An explanation as to why this happens (if this is a windows bug or expected behavior and if so why) and - if possible - a solution to detect and handle network interfaces disconnecting without ambiguity (not just a heuristic based on observer behavior that "should work most of the time" - I can do that myself).

I am working on a p2p application and to make testing simple, I am currently using udp broadcast for the peer discovery in my local network. Each peer binds one udp socket to port 29292 of the ip address of each local network interface (discovered via GetAdaptersInfo) and each socket periodically sends a packet to the broadcast address of its network interface/local address. The sockets are set to allow port reuse (via setsockopt SO_REUSEADDR), which enables me to run multiple peers on the same local machine without any conflicts. In this case there is only a single peer on the entire network though.

This all works perfectly fine (tested with 2 peers on 1 machine and 2 peers on 2 machines) UNTIL a network interface is disconnected. When deactivacting the network adapter of either my wifi or an USB-to-LAN adapter in the windows dialog, or just plugging the usb cable of the adapter, the next call to sendto will fail with return code 10049. It doesn't matter if the other adapter is still connected, or was at the beginning, it will fail. The only thing that doesn't make it fail is deactivating wifi through the fancy win10 dialog through the taskbar, but that isn't really a surprise because that doesn't deactivate or remove the adapter itself.

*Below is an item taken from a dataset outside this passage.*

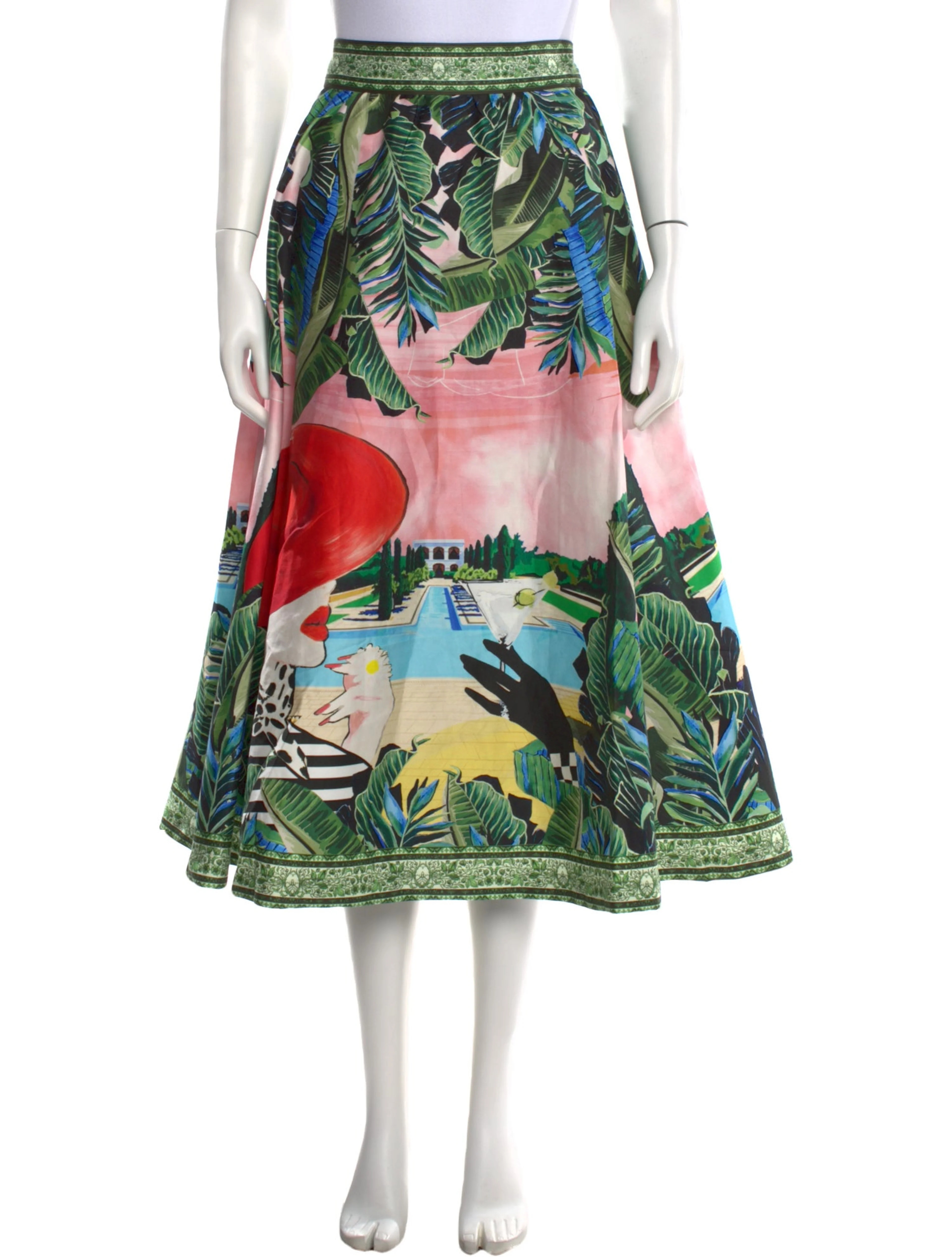Graphic Print Midi Length Skirt | The RealReal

I initially thought that this makes sense because when the nic is gone, how should the system route the packet. But: The fact that the packet can't reach its target has absolutely nothing to do with the address itsself being invalid (which is what the error means), so I suspect I am missing something here. I was looking for any information I could use to detect this case and distinguish it from simply trying to sendto INADDR_ANY, but I couldn't find anything. I started to log every bit of information which I suspected could have changed, but its all the same on a successfull sendto and the one that crashes (retrieved via getsockopt):

250   16.24746[886] [debug|debug] local address: 192.168.178.35
251   16.24812[886] [debug|debug] no remote address
252   16.25333[886] [debug|debug] type: SOCK_DGRAM
253   16.25457[886] [debug|debug] protocol: IPPROTO_UDP
254   16.25673[886] [debug|debug] broadcast: 1, dontroute: 0, max_msg_size: 65507, rcv_buffer: 65536, rcv_timeout: 0, reuse_addr: 1, snd_buffer: 65536, sdn_timeout: 0
255   16.25806[886] [debug|debug] Last WSA error on socket was WSA Error Code 0: The operation completed successfully.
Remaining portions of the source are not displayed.